Mohon tunggu...
Mohammad Faiz Attoriq
Mohammad Faiz Attoriq Mohon Tunggu... Foto/Videografer - Kontributor lepas

Penghobi fotografi domisili Malang - Jawa Timur yang mulai jatuh hati dengan menulis, keduanya adalah cara bercerita yang baik karena bukan sebagai penutur yang baik.

Selanjutnya

Tutup

Pendidikan Pilihan

Indonesia Masih Memuja Nilai Akademik

24 Februari 2023   20:49 Diperbarui: 24 Februari 2023   20:56 263
+
Laporkan Konten
Laporkan Akun
Kompasiana adalah platform blog. Konten ini menjadi tanggung jawab bloger dan tidak mewakili pandangan redaksi Kompas.
Lihat foto
Indonesia masih memuja nilai ketimbang proses belajar dan kejujuran. (Foto: Unsplash.com/Nguyen Dang Hoang Nhu)

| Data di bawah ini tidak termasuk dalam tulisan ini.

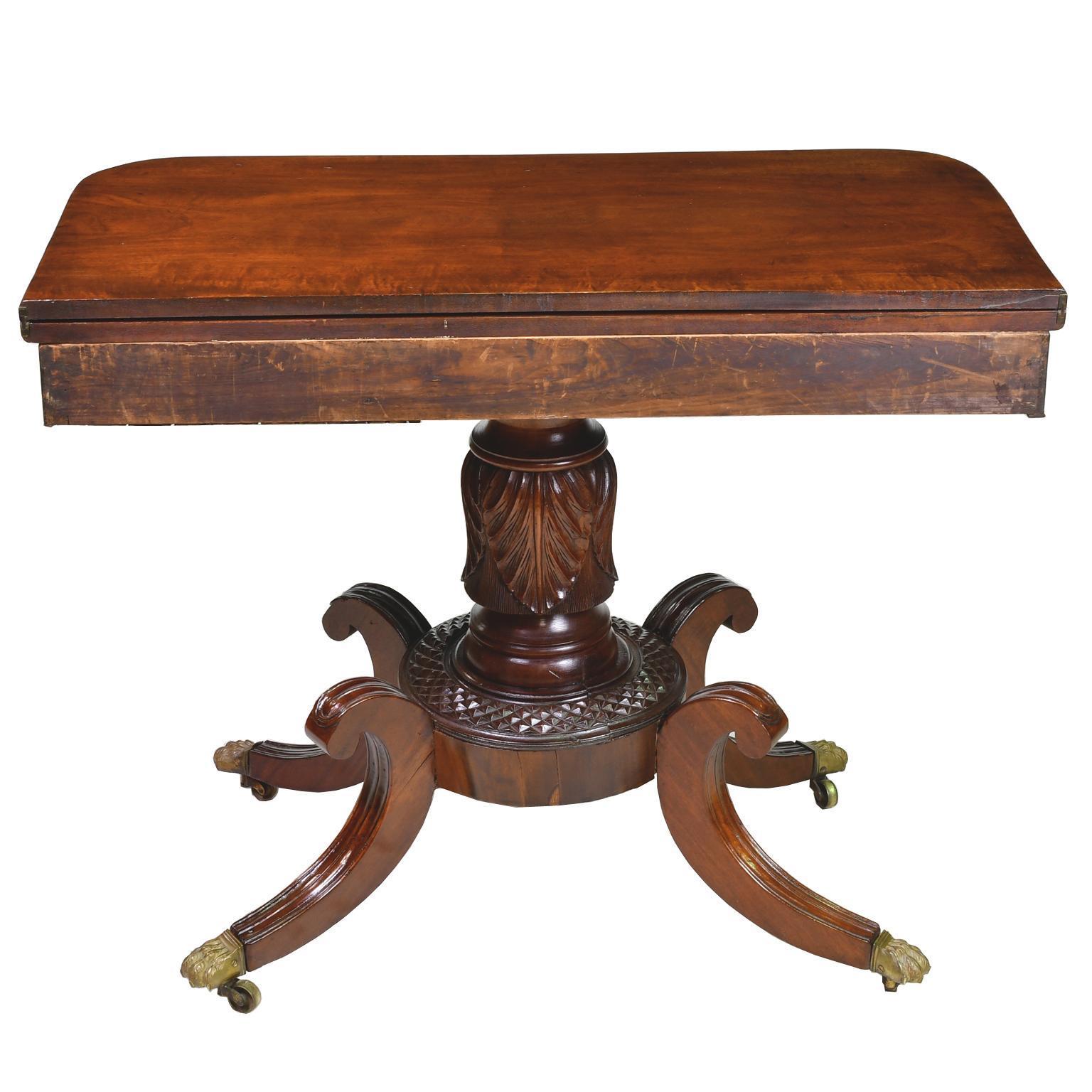 American Federal Games/Card Table with Tobacco Leaf Carvings, Baltimore, c. 1820 In Good Condition For Sale In Miami, FL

Ada anggapan bahwa seorang siswa dikatakan cerdas apabila memiliki nilai matematika yang memukau.

Banyak yang belajar mati-matian demi nilai yang sempurna dan akan selalu melobi jika nilainya tidak sesuai dengan harapannya.

Waktu sistem ranking masih ada, banyak yang mengejar ranking pertama dengan belajar sungguh-sungguh.

Alasannya, biasanya kalau bukan bisa ikut cerdas cermat antar kelas saat class meeting juga ada kebanggaan tersendiri yang bisa dipersembahkan.

Nilai UN yang tinggi (waktu masih digunakan sebagai indikator kelulusan) juga menimbulkan rasa kebanggaan tersendiri selain mendapatkan penghargaan.

Di dunia perkuliahan, istilah 'mahasiswa ambisius' disematkan pada mahasiswa yang terlalu fokus untuk belajar demi nilai yang sempurna.

Nilai yang sempurna inilah yang bisa mendongkrak IPK, bahkan tidak ragu untuk komplain jika ada nilai yang kurang sesuai.

Tidak jarang, banyak kasus kecurangan dalam ujian, seperti mencontek atau menggunakan joki dalam berbagai tes.

Bukan bermaksud mewajarkan, melainkan logis saja apabila tumbuh suburnya budaya curang yang mengakar ini.

Mengapa? Karena sistem pendidikan Indonesia masih mengutamakan hasil alih-alih proses yang berjalan.

Bagaimana dengan kejujuran? Ini yang tidak dilihat sama sekali, padahal kejujuran jauh lebih penting daripada nilai.

Banyak pelajar atau mahasiswa yang berpikir untuk menghalalkan segala cara, yang penting nilainya memuaskan.

Bahkan, seleksi masuk sekolah atau perguruan tinggi menggunakan nilai sebagai indikatornya, bukan kecakapan saat tes.

Dunia kerja pun begitu, lowongan kerja selalu ada klausul 'IPK minimal 3,0' padahal apa yang diperoleh selama perkuliahan belum tentu bisa dipraktikkan seutuhnya.

Anggapan tersebut melahirkan stigma sosial kecerdasan diukur dari nilai di rapor atau IPK selama mengenyam kuliah.

Bahkan, masih ada orang tua yang membanggakan anaknya karena tidak ada nilai di bawah 80 di rapornya, bahkan adu banyak-banyakan nilai 90-an.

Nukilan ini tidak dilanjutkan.